I can’t tell you the amount of inconsiderate, disrespectful, and attention-seeking garbage I’ve seen on Facebook, Instagram, and Twitter. People share videos, images, and quotes all day long that should have never been created, let alone shared. However, because people want to be important, liked, or noticed, they will post just about anything for likes, comments, shares, and follows. There is no barrier for most people.
Where was this outrage last week when the footage from the United Airlines was showing up all over the internet? Where is this frustration when little girls are twerking or teenage boys are flashing money in a rap video they created in their neighborhood? What about the videos of fights that keep popping up? Why is World Star Hip Hop still in existence with all of its foolishness?

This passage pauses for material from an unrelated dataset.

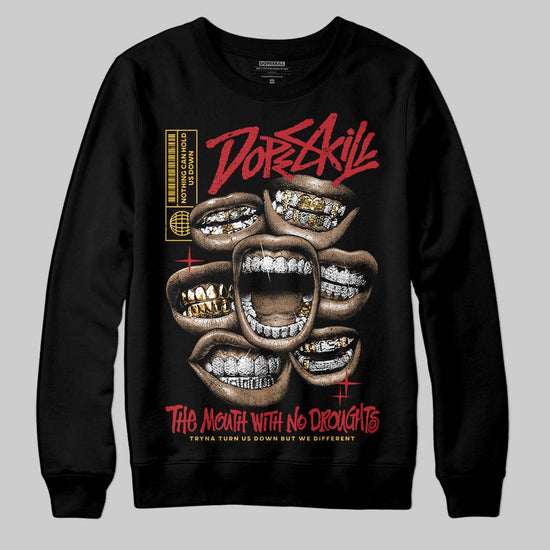 Jordan 14 Retro Ferrari (2025) DopeSkill Sweatshirt The Mouth With No Droughts Graphic Streetwear - black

I understand why people don’t allow pictures or videos to be taken with cellphones at their weddings anymore. We are such a selfish generation that we don’t think about other people, their feelings, or how our words/actions will impact the next man or woman. We just want the spotlight. Before people can share their proudest moments from their special day, that have been captured professionally, they have already been uploaded for the world to see. Let everyone share their own great news. Stop being in a hurry to tell everything. Learn to be considerate and sensitive about tragedies and other matters.
It is a shame that people have to find out about the deaths of their loved ones on Facebook because we don’t have enough self-control to allow members of the family to call other relatives and the victim’s friends. Social Media has become a drug that many people just can’t get enough of.
What should and shouldn’t be posted on social media is a debate that can only be answered by each individual user. If what someone says or does bothers me enough, I just unfollow them without saying a word to them or making a public service announcement.
At the same time, I am careful about what I post because I don’t want to be misunderstood or misrepresent myself in anyway. I am a young black male school teacher and writer who is aspiring to be a school administrator and best-selling author. My focus is transformation but I only try to change myself and continuously encourage others to do the same.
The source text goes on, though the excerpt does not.